I hate the modern political campaign debate.
As I analyzed last night’s debate, I recognized that my strategic criticism revolved around questions of ethos, focusing on perception of the candidates and their capacity to successfully undermine each other through memorable attacks, often in the form of half-truths or lies. I don’t mean to dismiss the powerful role of ethos and doom us to long, boring technical roundtables. Clever phrasing and well-crafted attacks should be part of a debate. But these debates do not strive for argumentative balance — the substance of the answers (or indeed even answering the question posed) is a secondary concern. A format that encourages style and half-truths over substance and accuracy is a disservice to the country.
But here we are again. Using the lens of my debate preview from yesterday, here is my recap of who managed to accomplish the goals I set for them.
Mitt Romney – Understand Tone
Perhaps it was the format of sitting around a table rather than standing robotically, but whatever it was, Romney looked Presidential without looking robotic. Perhaps more importantly, he successfully accomplished the other objective I set for him, which was casting Santorum as a “creature of Washington.” His attacks were not particularly devastating (or even coherent in the case of his blaming Santorum for ObamaCare), but Santorum’s responses were, while accurate and sensible, riddled with political and procedural technicalities. I don’t know if the Romney campaign realized that Santorum would walk into this trap, but in any event Santorum did. Now, did viewers recognize that his long and convoluted answers reflected a Washington insider? I’m not sure. And if not, can Romney exploit those answers in an ad? I’m also not sure.
Rick Santorum – Punch Romney Fast
Rick Santorum did get a few jabs in on Romney, but by and large he held his fire and tried to play defense. I didn’t think he did poorly, but he failed to deliver the knockout punch he needed to. Santorum failed to understand that an attack is as successful as the weakness it exploits. To use the analogy of swordplay, an attack that strikes a vital organ is more important than leaving a flesh wound. Romney’s weakness in the GOP primaries is his inability to connect with middle and lower income conservatives. When Santorum tied Romney to the bank bailout, Romney calmly explained why a bank bailout was necessary. The Santorum retort that was never to arrive was to ignore Romney’s response and say “at the end of the day you wanted a bailout for your buddies on Wall Street but not one for the auto industry.” That’s it. It casts Romney as a “creature of Wall Street” (to use Romney’s strategy against Santorum as a template) and every possible Romney response sounds defensive. Santorum had some attacks, sure. Such as saying Romney didn’t do anything more in Massachusetts than Michael Dukakis. But these attacks were flesh wounds and will be forgotten.
Newt Gingrich – Target Romney
Once again Gingrich excelled in a debate where he was not the front-runner. In many ways he was more successful in defending Santorum than Santorum. Gingrich, who is no longer afraid of his Washington background, provided a succinct defense of earmarks as a tool for conservatives to battle Democratic Presidents.

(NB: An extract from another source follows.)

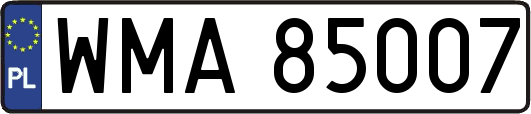 WMA85007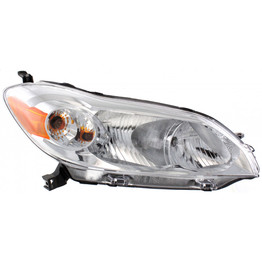 CarLights360: For 2009 - 2014 TOYOTA MATRIX Head Light Assembly Passenger Side w/Bulbs - (CAPA Certified) Replacement for TO2503184 (CLX-M1-311-11A9R-AC-CL360A1)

He bailed out Santorum on more than one occasion in the early going. Santorum should have recognized that Gingrich was willing to defend the political process and stayed out of his way — allowing Gingrich to don the mantle of career Washingtonian. But Santorum let his ego draw him into defending himself and kept Newt from unloading on Romney.
Ron Paul – Plan Comebacks
His comebacks in defense of his anti-Santorum ad and on foreign wars were snappy and memorable.

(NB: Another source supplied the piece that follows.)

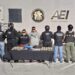 Autoridades detienen a José y Mara en Escobedo, vinculados a narcotráfico y homicidios. Más de 160 dosis de droga fueron confiscadas.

To bring this full circle, my final focus is on the moderation. John King seemed gun shy after his savaging from Newt Gingrich last month, and the candidates recognized the blood in the water, as evidenced by Mitt Romney’s dismissive response that he refused to answer the questions King asked. I don’t want to hold back King’s career, but unless he was prepared to stand up to that abuse, he should not have moderated another debate this cycle. When the moderator lacks the gravitas with the candidates to elicit even the illusion of respect, there is functionally no moderation. Time and time again questions were left unanswered and King allowed one or all of the candidates to duck the questions.
But the candidates are not the only ones to blame. The networks seem increasingly enamored with demeaning the moderator. Questions from the audience and submitted via Twitter are sold as increasing “participation” and “democracy” but they really introduce ill-crafted questions, often with built in inaccuracies or faulty assumptions, where the moderator has not performed the meticulous work of crafting a question to guarantee a meaningful answer from the candidate.
And this is a shame, because moderation is our only tool for reforming the political debate — our only mechanism for forcing candidates to answer questions and address specifics.